So I've never come across this, but I have 2 computers:
Dell Inspiron Desktop, Win7 Home Premium SP1 x64
Dell Inspiron Laptop, Win7 Home Premium SP1 x64
What I need to do is share a folder on the desktop computer with the laptop, I haven't shared a folder on a non-pro windows computer since the Win98 days and I usually have a specific account for the shared folder on my home computer (Win7 Ultimate SP1 x64) but here's what I've tried.
By default in Win7 when you share a folder it's shared to 'Everyone' with read-only access by default, so I changed it to allow Modify and Full control too. I've also set the network sharing to not use password file shares. On the laptop when I browse the network I can see the folder listed, but when I try to open it I get the "resource can't be accessed" error message, which is confusing because I would have thought the read-access would at least work.
So then I started googling and I noticed that whenever someone wants to share a folder, in any manor, none of the windows defaults actually work. You need to create a 2nd account on the computer (no big deal cause I have several on my desktop just for file sharing) and while it's a pain to not have the create user stuff in the computer management on a home premium computer, I was able to create a regular user account with the same name as the laptop (with a password) and I set the networking settings to share using a password, then I went to the folder, removed the 'Everyone' and put in the new account and everything but now whenever the laptop tries to connect to the desktop, I get the "can't access the resource" error right away and I also noticed that the shared printer no longer works on the laptop either, so the desktop's refusing print jobs now too. So what am I doing wrong?

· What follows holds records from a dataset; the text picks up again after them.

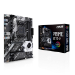 ASUS PRIME X570-P AMD X570 Socket AM4 ATX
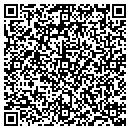 QR code with US Housing Authority contacts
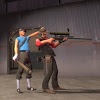 com.uzzors2k.tf2_scout_soundboard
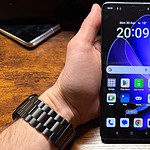 OPPO Reno 13 FS - immagine 13 OPPO RENO13 FS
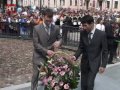 закладки капсулы с посланием прошла 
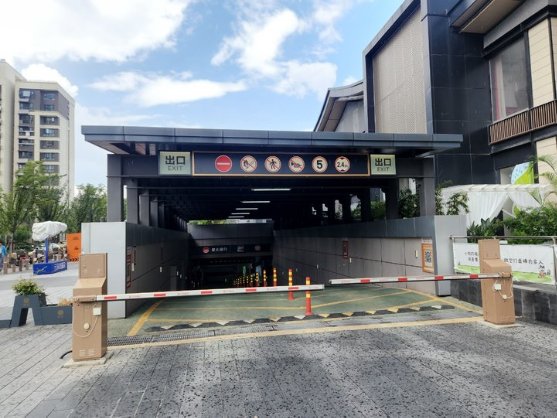 iwEeAqNqcGcDAQTRBQAF0QPABrBqMEdK8rbwKQhlbhf8ujsAB9Ih8ov8CAAJomltCgAL0gAHdCo.jpg_720x720q90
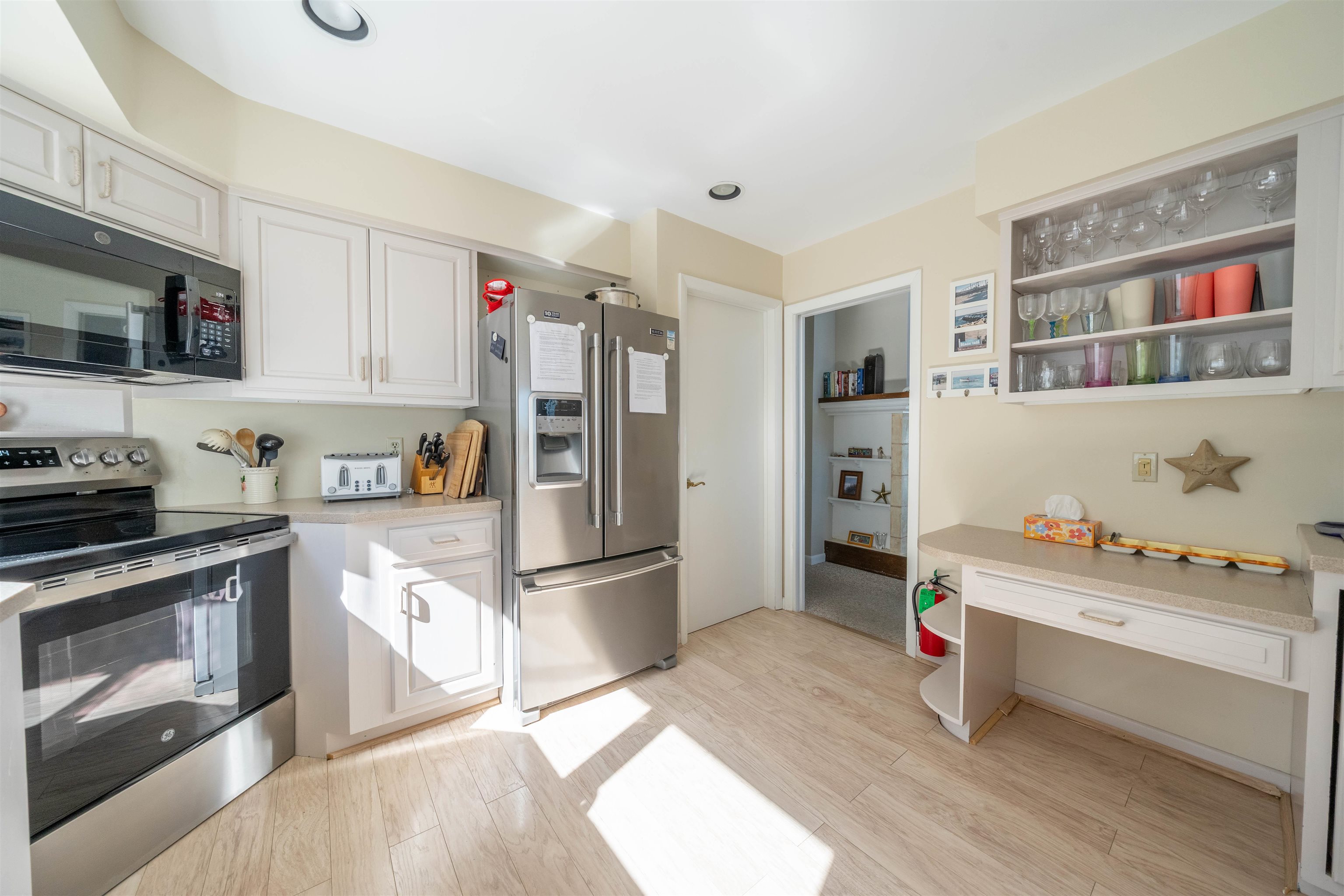 83 E 13th Street - Picture 25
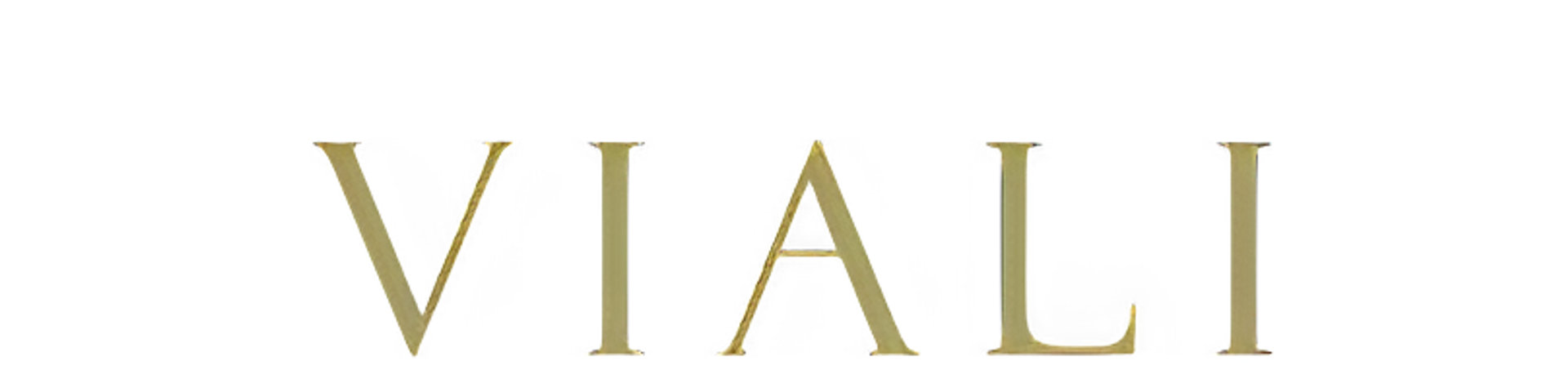 Picture of Viali brand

I also noticed that Home Premium doesn't have a group policy editor either, so how do I make it so the new account isn't able to log in locally? I don't want windows to prompt for an account to log in to which it's doing now, it should auto-login to the default admin account (no password set) like the laptop still does.
I hope I've explained the situation clearly enough, I miss the days where you could just create an account (doesnt even need a password to be set) in the computer management, set it to be a non-local login account in the policy editor, share the folder for the account and it just worked, but other than the Ultimate edition all of that seems to be missing and it's amazing that MS doesn't really have an equivalent for these basic windows management tools.